Ryan McGeea senior writer at ESPN.com and co-host for SEC Network’s Marty and McGee (Saturdays, 9 a.m. ET), he hit a milestone this week by visiting his 50th state.
Known for his stories that are a little off the beaten path, this GameDay College And the advantage of ESPN.com, McGee’s move landed amid what he calls “Best college football competition you didn’t know: North Dakota State and South Dakota. The 113th meeting between the two teams was scheduled for Saturday (3:30 p.m., ESPN+), and McGee took a moment before covering another long-running college football competition — Alabama at his alma mater in Tennessee — to reflect on that achievement and some of his favorite stories.
What surprised you most about this rivalry while writing your story?
The Dakota Marker is easily one of the coolest competition awards in college football. They’ve been playing this game since 1903, but got this trophy less than two decades ago because it didn’t come until they both moved to FCS in 2004. Then the actual Dakota folks had no idea what the mark was based on the traces of quartzite that were used to split North Dakota over South Dakota, until this rivalry taught them. I’ve always wanted to be a history professor, so I’m so proud to be educating people on this subject!
Having grown up amid college football and witnessing some of the greatest competitions in the sport, what makes this game so special?
It’s passion. If you go to a game at Fargo (ND) or Brookings (SD), the crowd may not be as big as what you’ll see at LSU or at the Rose Bowl, but their love of the game and their passion for their teams, not to mention their true dislike of their close neighbors, that’s what college football means to me. Mine.
Also, this is how the team prepares for Fargodome…a little louder. pic.twitter.com/r5m5kE364Y
— Ryan McGee (@ESPNMcGee) 14 October 2022
I have now traveled to all 50 states. Have you had a favorite moment or memory?

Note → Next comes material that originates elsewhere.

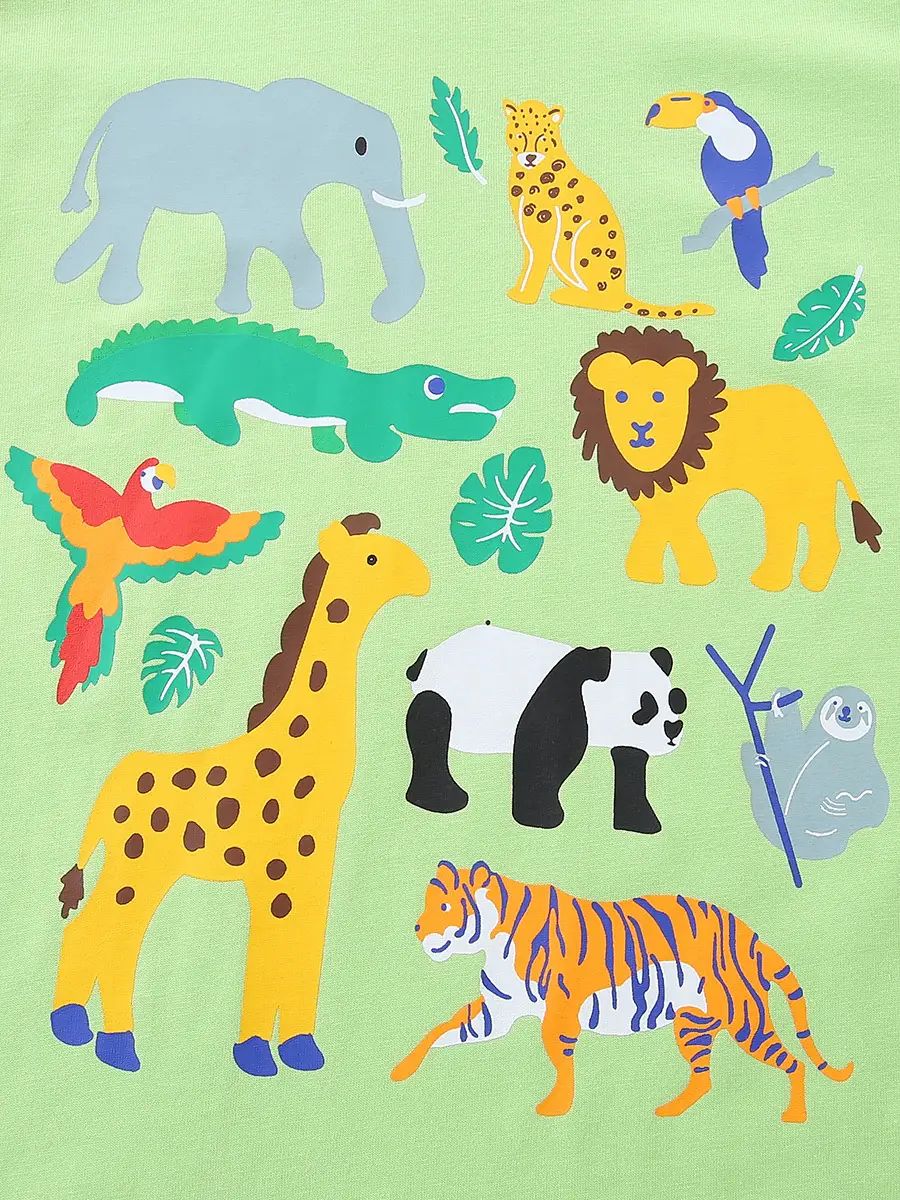2026 New Boys T-Shirt Green Animal Print Round Neck Knitted Cotton - Image 5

I was very fortunate that my parents were great at travellers. I came out of a lot of states when I was a kid because we used to travel with my dad when he was on business trips. We’d drive cross-country to California from North Carolina, or drive through the Northeast.
I learned at a young age that the world is much smaller than you might realize; You have to get in the car and see it. I also learned how important it is to have an armrest divider in the back seat of a family sedan because that’s the one thing that kept me and my little brother from killing each other on those road trips.
Looking at the stories I’ve written across 50 states, what are the five states and stories that distinguish you from them?
North Carolina: First, in my home state of North Carolina, I’ll never forget the ride in a pickup truck with Junior Johnson, a NASCAR legend, where we went and visited what was at the time a closed racetrack, North Wilkesboro Highway, and then drove back to his house, and it served me real buzz. I never recovered.
Texas: In Texas, I was working on a story in Baylor and decided to find Branch Davidians. Some very angry dogs chased after me. They weren’t as angry as my wife when I came home and told her what I had done.
Washington: in Washington State, I was told I had 15 minutes to meet Mike Leach in Pullman, and I ended up staying for three days. The trip ended with me having to tell the coach he had to get out of my car or I would miss my flight. I realized how late/early it was because we had been sitting in his driveway for so long that the newspaper delivery man walked into the car and handed Leach his paper and said, “Good morning, Coach.”
Illinois: In Illinois, I met a former NASCAR driver named Aaron Viek at the Perkins breakfast joint in Galesburg. He had been suspended after being arrested for drugs, and the conversation was supposed to be just a review of what he was doing. He proceeded to admit he had a heroin race, and that story changed NASCAR’s drug policy.
Nevada: I spent a day in the Vegas suburbs with [famed Notre Dame football walkon] Rudi Ruetiger, from breakfast until the time you go home. The idea was to define once and for all what is right in Rudy’s life and what it consists of. Years later, I’m still not sure what.
You are going back to your university this weekend and You will share your wisdom with Tennessee students. What would Ryan tell today about Ryan at that time?
Keep your head elevated and your eyes open. We didn’t have smartphones back then, but we still had plenty of distractions. (Shouting at Sega Genesis that almost made me lose my freshman year.) The truth is that everything we do in this business is based on the powers of observation. And you can’t watch if you have your head down. The stories are out there, not in whatever you hold in your hand.